Because self-will does play a role in human addictive behaviors, it is believed that the root of that must also be explored.  It is not enough to say, “I have the disease of addiction.  It may have been a genetic inheritance and I cannot do anything about it.”

No.  While the addict or alcoholic may not be responsible for their disease, they ARE responsible for their recovery. Just as the diabetic is responsible for checking their blood sugar, eating an appropriate diet and taking any prescribed medications, the person seeking recovery must also remain in treatment and be compliant with the tenets of that.

For most 12 step programs, that means attending meetings on a regular basis, getting and working with a sponsor, doing step-work, being of service to other addicts, alcoholics, sexaholics, gamblers, etc within their fellowship, developing and nurturing a relationship with a god of their understanding.

This also means a deep exploration of one’s self in order to become self-aware… aware of beliefs, philosophies, experiences, impulses and drives that have likely been at play in the individual’s life for the entirety of their life…  even before substances became an issue.

Which of these attitudes and behaviors have been helpful and which have been harmful? Which were responses and patterns of behavior that would have led to pain for the individual and made the seeking of pleasure and/or relief more likely?  What can the individual change about his/her responses to their environment and those things that they cannot change?  What other things are they doing that are self-destructive or harmful to others?  Is there insecurity, self-centeredness, dishonesty, defiance, fear, etc., that lead to unnecessary pain in the person’s life that they seek to self-medicate?

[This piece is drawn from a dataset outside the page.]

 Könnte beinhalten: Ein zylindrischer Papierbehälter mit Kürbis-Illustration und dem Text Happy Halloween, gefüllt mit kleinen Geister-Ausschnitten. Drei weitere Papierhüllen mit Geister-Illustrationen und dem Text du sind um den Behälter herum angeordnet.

It is believed that a big part of the solution and new design for living involves: acceptance that this person cannot control the use or engagement with the substance or activity with which they are addicted and must abstain from it; reliance upon something greater than themselves; a faith in that being, that, no matter what, as long as they do the next right thing, that entity will take care of them; a commitment to changing behaviors that have caused pain and difficulty for themselves and others in the past; the ability to ask for help when needed; the willingness to follow the will of that entity or deity in which they have started to place their belief and faith.

12-step programs often guide those with addictions to that self-awareness as well as that reliance upon a god of their own personal understanding.  When the individual learns to live the principles of the Serenity Prayer (acceptance, faith in God, courage and a petition for God’s help), life becomes less burdensome and scary.  Serenity is possible, even in the face of adversity.  It is no longer necessary to seek comfort in material things.

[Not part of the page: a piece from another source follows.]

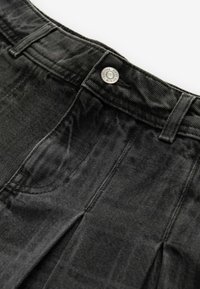 Sorte denimbukser med plisseret frontdesign, udstyret med en sølvfarvet knaplukning og tekstureret stof, der fremhæver syningerne.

When the individual learns to be honest with others about what is really happening in their hearts and in their lives, they can get help and an honest reflection of themselves.  They learn to trust and they start to learn intimacy.  This means that self-will is no longer as much of an issue. Peace becomes possible and the pain that once demanded relief through the use of drugs, alcohol, food, sex, gambling, etc. is no longer as great. But even if it is, they have found healthier ways to address it.

As with any disease, however, recovery and wellness require vigilance and work through a prescribed treatment plan.  Without those things, relapse is possible in any number of ways, as is death.

I do believe that addiction is a disease.  In fact, I know that it is.  It has the potential to destroy an individual  physically, emotionally and spiritually.  But, when recognized and treated appropriately, recovery is possible.